Review: She Who Became the Sun, by Shelley Parker-Chan

Russ Allbery eagle at eyrie.org
Sun Jul 3 19:59:54 PDT 2022


She Who Became the Sun
by Shelley Parker-Chan

Series:    Radiant Emperor #1
Publisher: Tor
Copyright: 2021
Printing:  2022
ISBN:      1-250-62179-8
Format:    Kindle
Pages:     414

In 1345 in Zhongli village, in fourth year of a drought, lived a man
with his son and his daughter, the last surviving of seven children.
The son was promised by his father to the Wuhuang Monastery on his
twelfth birthday if he survived. According to the fortune-teller, that
son, Zhu Chongba, will be so great that he will bring a hundred
generations of pride to the family name. When the girl dares ask her
fate, the fortune-teller says, simply, "Nothing."

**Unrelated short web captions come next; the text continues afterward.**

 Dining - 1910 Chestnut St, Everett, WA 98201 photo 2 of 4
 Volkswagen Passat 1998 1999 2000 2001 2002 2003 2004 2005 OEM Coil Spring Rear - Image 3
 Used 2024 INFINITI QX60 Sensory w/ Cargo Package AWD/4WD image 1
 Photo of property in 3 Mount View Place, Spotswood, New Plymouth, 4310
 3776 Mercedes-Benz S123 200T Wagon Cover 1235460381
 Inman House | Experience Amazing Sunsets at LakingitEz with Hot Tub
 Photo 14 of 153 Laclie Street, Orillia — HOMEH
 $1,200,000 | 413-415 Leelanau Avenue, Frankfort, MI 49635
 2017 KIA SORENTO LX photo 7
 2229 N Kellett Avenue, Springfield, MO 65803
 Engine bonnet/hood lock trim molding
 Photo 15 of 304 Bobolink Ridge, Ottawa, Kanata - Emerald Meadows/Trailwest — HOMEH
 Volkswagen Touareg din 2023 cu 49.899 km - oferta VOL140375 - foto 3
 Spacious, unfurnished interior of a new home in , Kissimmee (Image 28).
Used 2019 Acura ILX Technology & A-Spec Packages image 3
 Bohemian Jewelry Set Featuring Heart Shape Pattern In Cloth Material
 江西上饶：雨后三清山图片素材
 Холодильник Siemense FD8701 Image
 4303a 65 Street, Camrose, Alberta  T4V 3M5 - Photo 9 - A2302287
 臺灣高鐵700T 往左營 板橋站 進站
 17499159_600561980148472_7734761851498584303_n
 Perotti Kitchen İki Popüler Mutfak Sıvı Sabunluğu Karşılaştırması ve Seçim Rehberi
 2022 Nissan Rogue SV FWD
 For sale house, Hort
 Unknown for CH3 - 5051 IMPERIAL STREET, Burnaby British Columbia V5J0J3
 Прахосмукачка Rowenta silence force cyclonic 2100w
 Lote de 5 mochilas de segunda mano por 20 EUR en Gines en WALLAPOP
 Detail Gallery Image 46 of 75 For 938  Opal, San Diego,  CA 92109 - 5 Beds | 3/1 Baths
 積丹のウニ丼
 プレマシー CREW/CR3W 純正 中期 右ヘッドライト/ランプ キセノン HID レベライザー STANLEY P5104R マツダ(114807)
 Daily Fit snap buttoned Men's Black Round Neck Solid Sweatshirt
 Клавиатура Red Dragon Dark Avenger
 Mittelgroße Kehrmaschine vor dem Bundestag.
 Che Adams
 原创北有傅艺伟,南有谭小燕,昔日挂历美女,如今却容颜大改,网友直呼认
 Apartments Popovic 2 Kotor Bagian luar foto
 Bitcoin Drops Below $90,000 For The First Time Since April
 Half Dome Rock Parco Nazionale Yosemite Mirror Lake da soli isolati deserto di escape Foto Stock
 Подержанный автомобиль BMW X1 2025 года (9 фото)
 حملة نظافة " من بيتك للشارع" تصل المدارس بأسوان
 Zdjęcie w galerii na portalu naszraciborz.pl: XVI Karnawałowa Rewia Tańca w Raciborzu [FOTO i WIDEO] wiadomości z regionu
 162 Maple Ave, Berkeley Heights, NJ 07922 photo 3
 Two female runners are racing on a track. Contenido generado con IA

Bandits come looking for food and kill their father. Zhu goes catatonic
rather than bury his father, so the girl digs a grave, only to find her
brother dead inside it with her father. It leaves her furious: he had a
great destiny and he gave it up without a fight, choosing to become
nothing. At that moment, she decides to seize his fate for her own, to
become Zhu so thoroughly that Heaven itself will be fooled. Through
sheer determination and force of will, she stays at the gates of
Wuhuang Monastery until the monks are impressed enough with her
stubbornness that they let her in under Zhu's name. That puts her on a
trajectory that will lead her to the Red Turbans and the civil war over
the Mandate of Heaven.

She Who Became the Sun is historical fiction with some alternate
history and a touch of magic. The closest comparison I can think of is
Guy Gavriel Kay: a similar touch of magic that is slight enough to have
questionable impact on the story, and a similar starting point of
history but a story that's not constrained to follow the events of our
world. Unlike Kay, Parker-Chan doesn't change the names of places and
people. It's therefore not difficult to work out the history this story
is based on (late Yuan dynasty), although it may not be clear at first
what role Zhu will play in that history.

The first part of the book focuses on Zhu, her time in the monastery,
and her (mostly successful) quest to keep her gender secret. The end of
that part introduces the second primary protagonist, the eunuch general
Ouyang of the army of the Prince of Henan. Ouyang is Nanren, serving a
Mongol prince or, more precisely, his son Esen. On the surface, Ouyang
is devoted to Esen and serves capably as his general. What lies beneath
that surface is far darker and more complicated.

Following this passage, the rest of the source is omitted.